Thank you so much! I look forward to the code when it's ready!

Kind Regards, Nandan Thakur

thakur-nandan commented 2 years ago

Hi @jingtaozhan,

I understand that you will be busy with other work with higher priorities. Would it be possible for you to provide an approximate timeline for this? If possible.

Thanks!

Kind Regards, Nandan Thakur

jingtaozhan commented 2 years ago

Hi @NThakur20

I'm currently working on it and it is almost done. The repo will be updated today. RepCONC will utilize the JPQ package to perform zero-shot retrieval for BEIR. Here is how I evaluate JPQ on BEIR.

I write code by following the model examples in BEIR repo. So I think both JPQ and RepCONC can be added to the BEIR examples. What do you think?

Best, Jingtao

thakur-nandan commented 2 years ago

Awesome, thank you so much @jingtaozhan!

Yes, I believe both will be interesting to evaluate, I'm currently working on a paper where we are evaluating several memory compression strategies. I can add these examples to the BEIR examples folder as well :)

Kind Regards, Nandan Thakur

jingtaozhan commented 2 years ago

The code is released now. Happy to help if you have any other questions.

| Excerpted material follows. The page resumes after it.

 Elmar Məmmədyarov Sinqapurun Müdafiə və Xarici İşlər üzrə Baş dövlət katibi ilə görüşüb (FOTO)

I do think it's very meaningful to include JPQ and RepCONC in BEIR examples. They follow a different paradigm, joint optimization with compact index, compared with many existing DR models. It wouldn't be hard to add them since the code is ready. I can open a PR if you think is OK.

Best, Jingtao

thakur-nandan commented 2 years ago

Thanks @jingtaozhan, for providing the scores and the script soon.

I think it will be definitely interesting to add the models to the repository. I would be happy if you can open a PR in the repository.

Thanks, Nandan Thakur

jingtaozhan commented 2 years ago

Hi @NThakur20

I update the code so that it is now very easy to apply RepCONC to different dense retrieval models (Pull Request). Thought you might be interested.

Best, Jingtao

thakur-nandan commented 2 years ago

Hi @jingtaozhan,

Thank you for the PR and apologies for the delay. Will have a look.

Meanwhile, in a recent preprint of ours, we found our work on GPL (https://aclanthology.org/2022.naacl-main.168/) useful to help improve zero-shot JPQ performance. We experimented with JPQ on all BEIR datasets (with TAS-B as backbone instead of STAR). GPL which involves cross-encoder distillation with MarginMSE loss function helped improve JPQ models across all BEIR datasets and even outperformed the original uncompressed TAS-B model. For more details, you can have a look below. Would like to get some feedback :)

Paper: https://arxiv.org/abs/2205.11498 Code: https://github.com/thakur-nandan/income

Kind Regards, Nandan Thakur